Take the records below and extract, word for word, the lines from the one containing "Cami kubbesinden düşen" through the final line, inclusive. Omit pictures.

:: The records

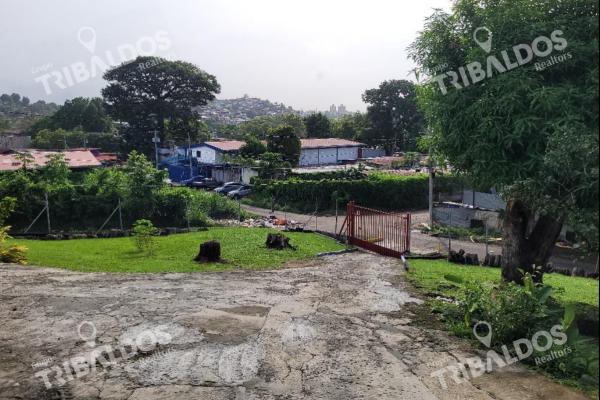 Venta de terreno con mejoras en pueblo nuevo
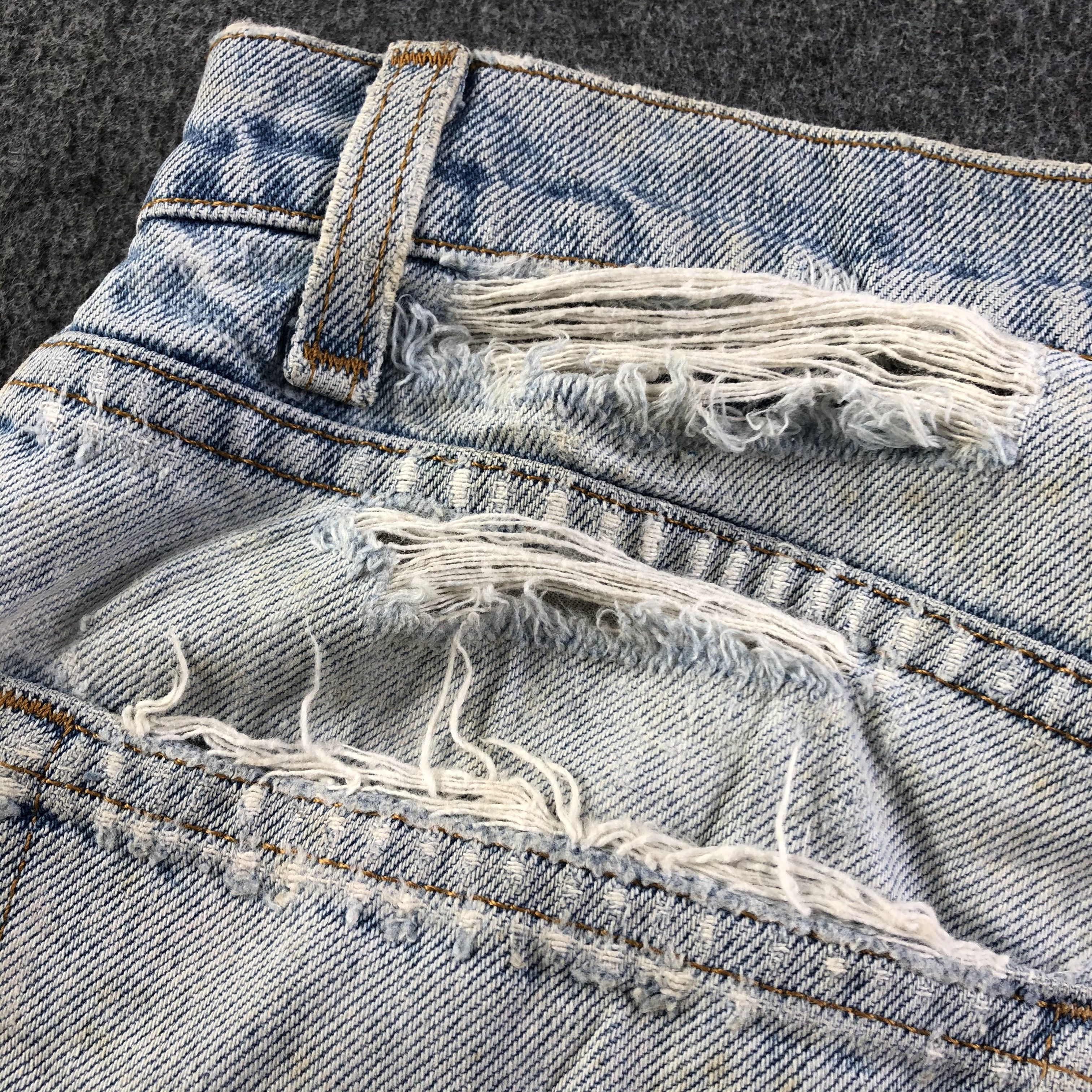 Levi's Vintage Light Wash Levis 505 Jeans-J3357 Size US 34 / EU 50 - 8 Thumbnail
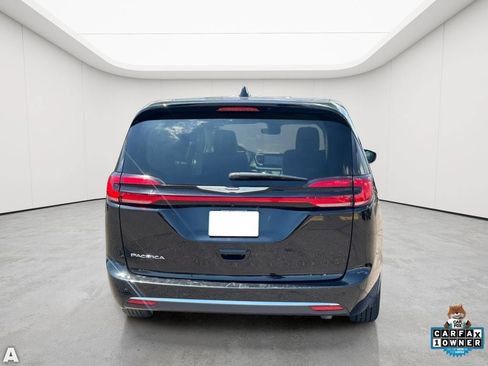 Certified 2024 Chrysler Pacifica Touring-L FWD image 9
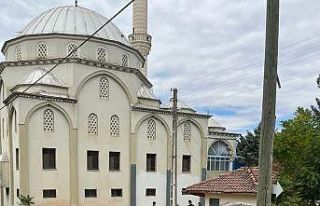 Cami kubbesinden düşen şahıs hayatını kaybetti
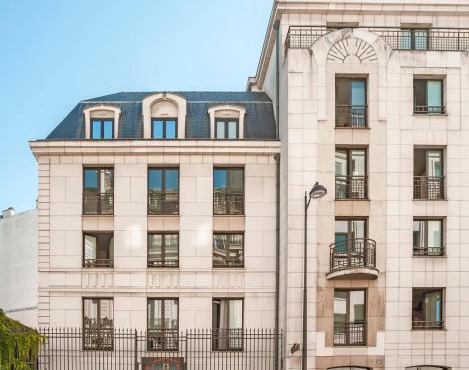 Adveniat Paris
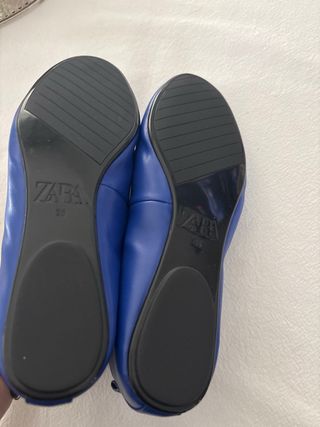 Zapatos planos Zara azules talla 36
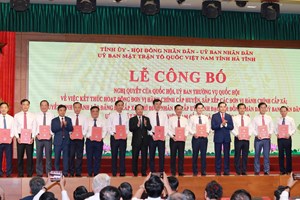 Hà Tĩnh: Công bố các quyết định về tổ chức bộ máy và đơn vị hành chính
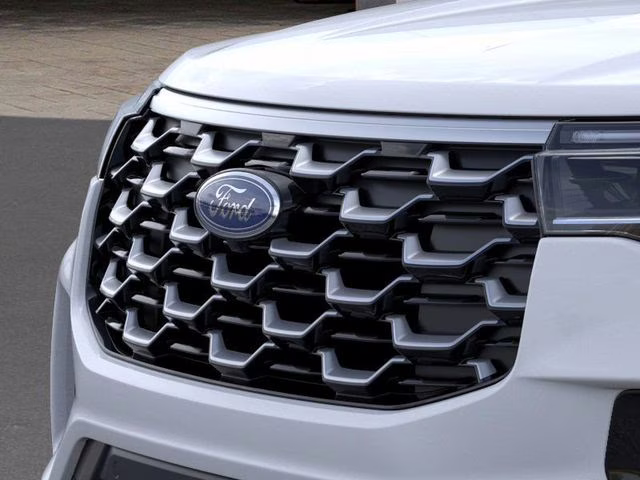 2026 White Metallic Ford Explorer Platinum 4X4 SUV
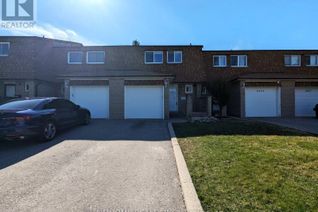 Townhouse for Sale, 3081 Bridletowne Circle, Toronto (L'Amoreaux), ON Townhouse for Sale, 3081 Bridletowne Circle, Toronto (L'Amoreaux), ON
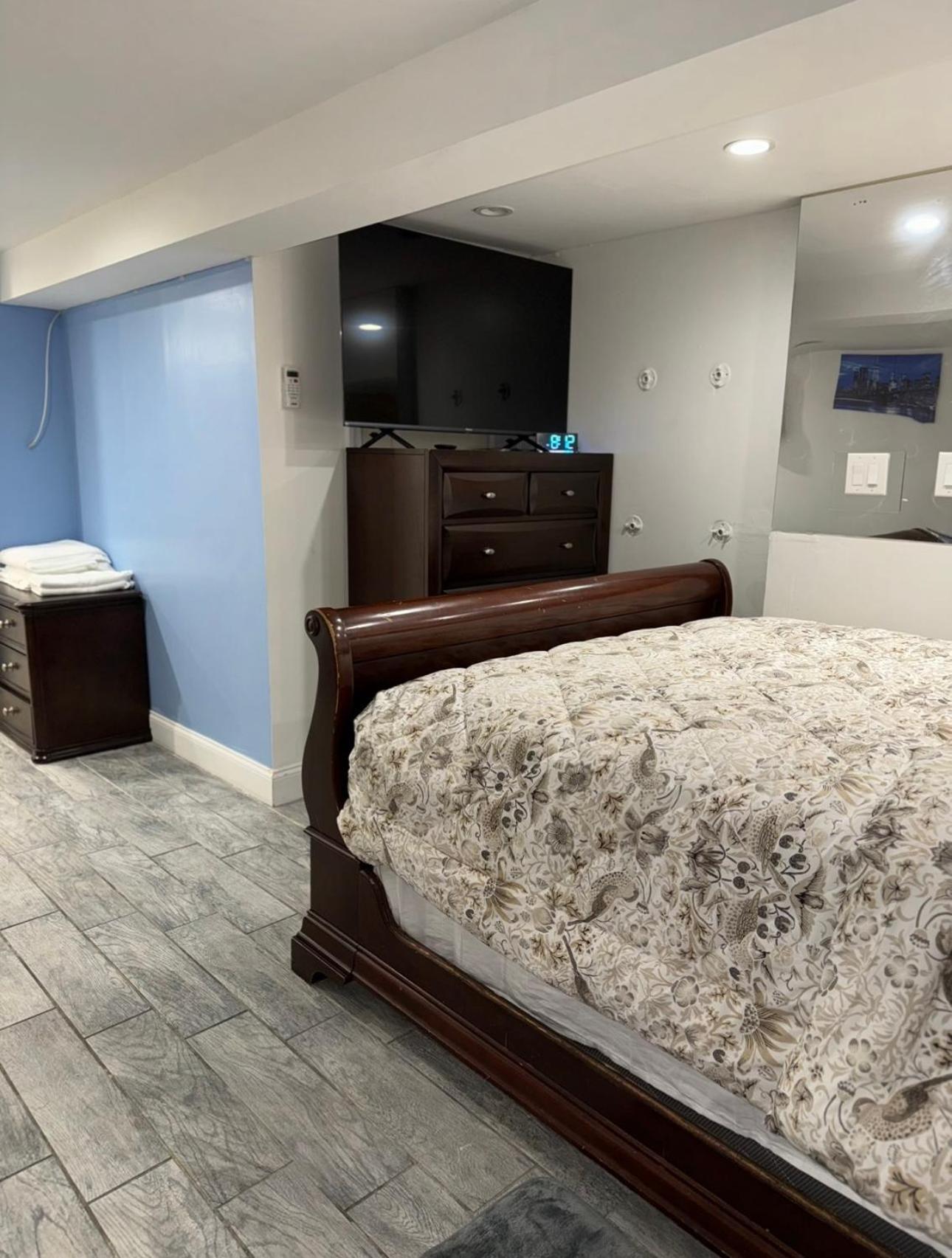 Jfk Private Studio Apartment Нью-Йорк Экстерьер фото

::::

**Final answer**
 Cami kubbesinden düşen şahıs hayatını kaybetti
 Adveniat Paris
 Zapatos planos Zara azules talla 36
 Hà Tĩnh: Công bố các quyết định về tổ chức bộ máy và đơn vị hành chính
 2026 White Metallic Ford Explorer Platinum 4X4 SUV
 Townhouse for Sale, 3081 Bridletowne Circle, Toronto (L'Amoreaux), ON Townhouse for Sale, 3081 Bridletowne Circle, Toronto (L'Amoreaux), ON
 Jfk Private Studio Apartment Нью-Йорк Экстерьер фото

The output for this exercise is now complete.